[Collected data entries]

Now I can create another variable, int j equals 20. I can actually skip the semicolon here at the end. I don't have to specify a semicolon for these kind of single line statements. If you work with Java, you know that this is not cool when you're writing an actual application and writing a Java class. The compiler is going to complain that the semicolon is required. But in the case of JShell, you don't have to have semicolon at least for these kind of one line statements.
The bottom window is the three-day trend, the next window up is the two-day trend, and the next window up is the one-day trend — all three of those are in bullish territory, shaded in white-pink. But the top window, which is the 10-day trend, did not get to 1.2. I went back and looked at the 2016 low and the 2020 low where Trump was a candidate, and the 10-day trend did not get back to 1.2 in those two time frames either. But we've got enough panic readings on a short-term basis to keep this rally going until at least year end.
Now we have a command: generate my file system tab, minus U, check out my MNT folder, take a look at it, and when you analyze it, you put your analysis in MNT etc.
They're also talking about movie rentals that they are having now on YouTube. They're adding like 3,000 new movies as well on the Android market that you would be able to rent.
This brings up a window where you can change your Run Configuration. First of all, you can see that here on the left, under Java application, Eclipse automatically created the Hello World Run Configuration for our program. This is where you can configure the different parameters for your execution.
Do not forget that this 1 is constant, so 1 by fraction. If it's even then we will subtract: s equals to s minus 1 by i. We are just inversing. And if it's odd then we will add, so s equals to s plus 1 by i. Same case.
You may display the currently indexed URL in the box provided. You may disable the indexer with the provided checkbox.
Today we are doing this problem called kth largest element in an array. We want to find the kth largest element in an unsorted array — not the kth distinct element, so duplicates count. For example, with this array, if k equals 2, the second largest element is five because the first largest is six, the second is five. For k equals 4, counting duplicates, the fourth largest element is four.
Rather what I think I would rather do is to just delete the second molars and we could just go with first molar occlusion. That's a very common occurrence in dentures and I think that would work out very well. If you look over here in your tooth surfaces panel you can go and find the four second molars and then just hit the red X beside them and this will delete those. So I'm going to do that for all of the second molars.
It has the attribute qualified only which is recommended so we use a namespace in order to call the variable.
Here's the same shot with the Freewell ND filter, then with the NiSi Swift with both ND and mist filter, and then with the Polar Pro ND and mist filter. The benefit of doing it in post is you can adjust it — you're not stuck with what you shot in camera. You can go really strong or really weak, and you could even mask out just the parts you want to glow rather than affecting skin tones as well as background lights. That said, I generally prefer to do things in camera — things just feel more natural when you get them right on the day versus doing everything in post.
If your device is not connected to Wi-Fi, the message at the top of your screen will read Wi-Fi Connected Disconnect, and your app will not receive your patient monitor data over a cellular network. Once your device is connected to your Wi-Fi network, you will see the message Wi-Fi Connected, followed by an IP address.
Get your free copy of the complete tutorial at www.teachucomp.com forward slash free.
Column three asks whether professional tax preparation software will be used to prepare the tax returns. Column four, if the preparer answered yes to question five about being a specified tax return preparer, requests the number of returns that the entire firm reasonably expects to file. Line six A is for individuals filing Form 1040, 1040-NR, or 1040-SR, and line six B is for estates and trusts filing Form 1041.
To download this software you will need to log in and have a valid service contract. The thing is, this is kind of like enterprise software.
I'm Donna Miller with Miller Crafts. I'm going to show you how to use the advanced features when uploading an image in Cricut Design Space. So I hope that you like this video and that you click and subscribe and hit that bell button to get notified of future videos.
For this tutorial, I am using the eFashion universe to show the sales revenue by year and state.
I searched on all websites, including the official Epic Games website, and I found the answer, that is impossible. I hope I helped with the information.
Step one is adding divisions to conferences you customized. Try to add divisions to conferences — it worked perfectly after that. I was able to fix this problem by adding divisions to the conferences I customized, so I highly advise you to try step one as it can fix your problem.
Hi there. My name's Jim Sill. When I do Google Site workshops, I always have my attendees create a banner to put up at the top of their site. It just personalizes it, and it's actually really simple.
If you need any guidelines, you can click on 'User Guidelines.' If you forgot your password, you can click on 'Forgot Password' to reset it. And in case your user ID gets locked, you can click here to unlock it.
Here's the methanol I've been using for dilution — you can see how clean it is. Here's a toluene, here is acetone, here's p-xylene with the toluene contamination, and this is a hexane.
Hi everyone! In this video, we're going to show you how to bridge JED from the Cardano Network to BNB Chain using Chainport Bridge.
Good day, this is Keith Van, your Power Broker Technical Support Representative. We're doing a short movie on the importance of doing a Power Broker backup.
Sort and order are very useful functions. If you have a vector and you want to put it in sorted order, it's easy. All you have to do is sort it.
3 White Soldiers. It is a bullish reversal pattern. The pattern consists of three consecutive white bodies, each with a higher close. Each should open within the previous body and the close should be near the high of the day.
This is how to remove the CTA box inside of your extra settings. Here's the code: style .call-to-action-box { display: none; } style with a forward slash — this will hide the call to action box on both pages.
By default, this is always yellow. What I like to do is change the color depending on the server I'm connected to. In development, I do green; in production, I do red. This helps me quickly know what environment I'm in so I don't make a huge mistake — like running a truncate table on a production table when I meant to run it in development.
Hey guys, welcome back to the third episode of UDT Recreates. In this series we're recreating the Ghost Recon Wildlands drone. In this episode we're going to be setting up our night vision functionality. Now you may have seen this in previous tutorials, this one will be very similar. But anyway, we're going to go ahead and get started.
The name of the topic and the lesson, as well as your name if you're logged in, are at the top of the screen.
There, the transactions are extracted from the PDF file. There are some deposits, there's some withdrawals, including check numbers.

** Action item **
Give again, word for word, the records from their first line to the one with "They're also talking", and leave out all else.

** Result for this task **
Now I can create another variable, int j equals 20. I can actually skip the semicolon here at the end. I don't have to specify a semicolon for these kind of single line statements. If you work with Java, you know that this is not cool when you're writing an actual application and writing a Java class. The compiler is going to complain that the semicolon is required. But in the case of JShell, you don't have to have semicolon at least for these kind of one line statements.
The bottom window is the three-day trend, the next window up is the two-day trend, and the next window up is the one-day trend — all three of those are in bullish territory, shaded in white-pink. But the top window, which is the 10-day trend, did not get to 1.2. I went back and looked at the 2016 low and the 2020 low where Trump was a candidate, and the 10-day trend did not get back to 1.2 in those two time frames either. But we've got enough panic readings on a short-term basis to keep this rally going until at least year end.
Now we have a command: generate my file system tab, minus U, check out my MNT folder, take a look at it, and when you analyze it, you put your analysis in MNT etc.
They're also talking about movie rentals that they are having now on YouTube. They're adding like 3,000 new movies as well on the Android market that you would be able to rent.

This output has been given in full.